> **GOAL OF THE EXERCISE**
Any pictures should be dropped; everything else in the records is to be returned exactly.

> **DATA PROVIDED**
-- -- --

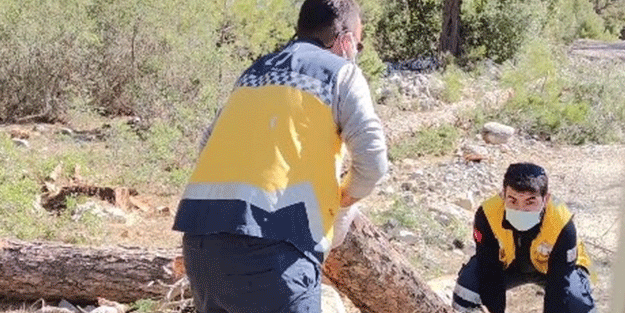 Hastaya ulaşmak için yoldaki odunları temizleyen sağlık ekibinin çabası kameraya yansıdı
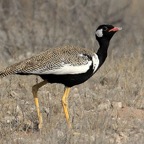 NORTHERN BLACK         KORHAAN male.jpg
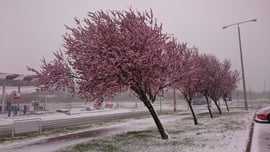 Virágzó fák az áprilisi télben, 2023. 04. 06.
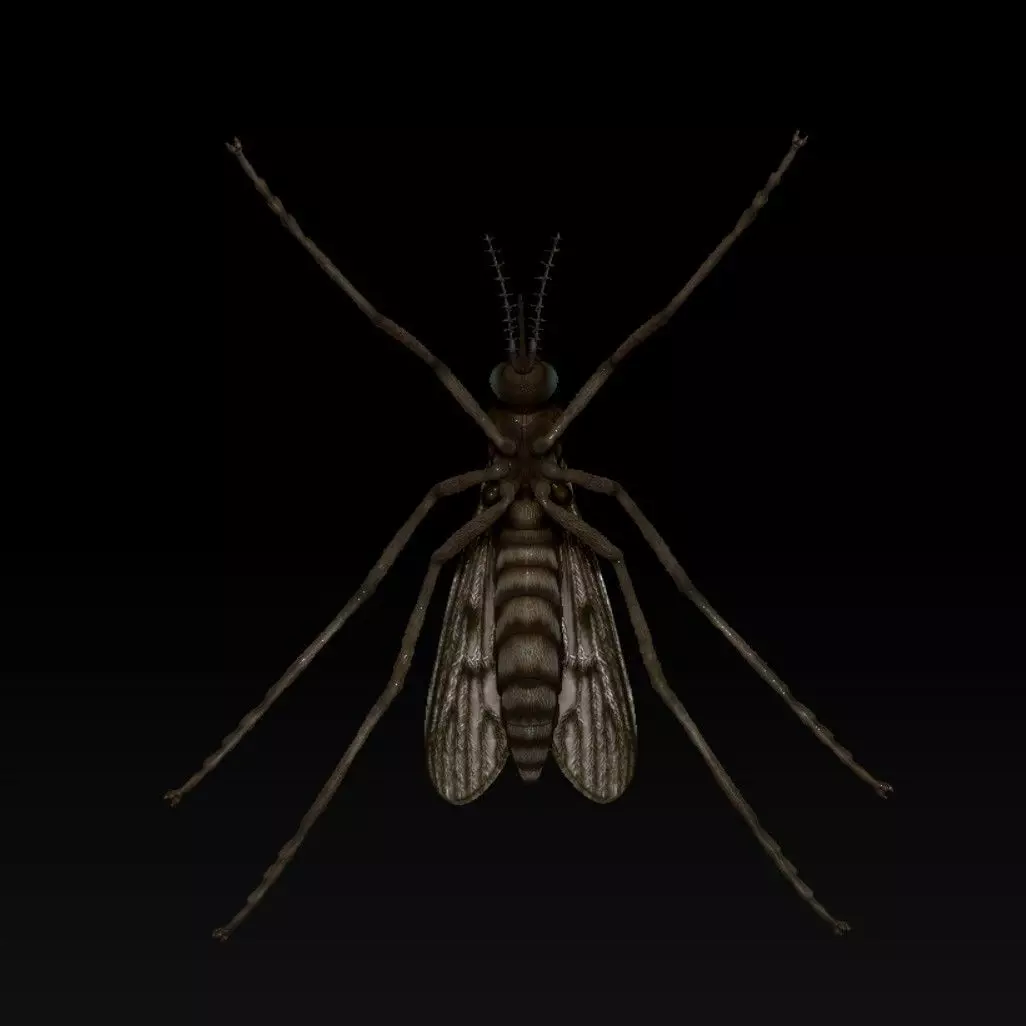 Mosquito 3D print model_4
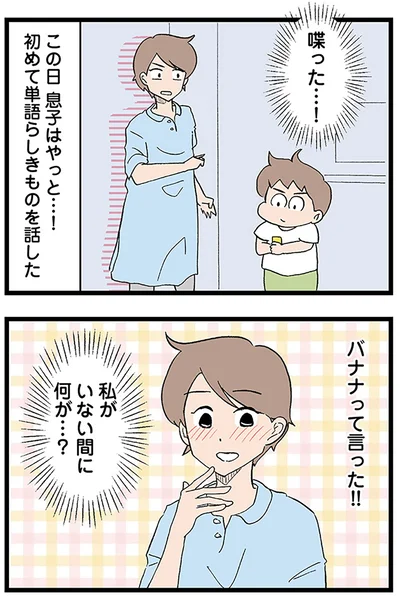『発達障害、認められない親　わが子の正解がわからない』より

-- -- --

> **RESPONSE TO THIS TASK**
 Hastaya ulaşmak için yoldaki odunları temizleyen sağlık ekibinin çabası kameraya yansıdı
 NORTHERN BLACK         KORHAAN male.jpg
 Virágzó fák az áprilisi télben, 2023. 04. 06.
 Mosquito 3D print model_4
『発達障害、認められない親　わが子の正解がわからない』より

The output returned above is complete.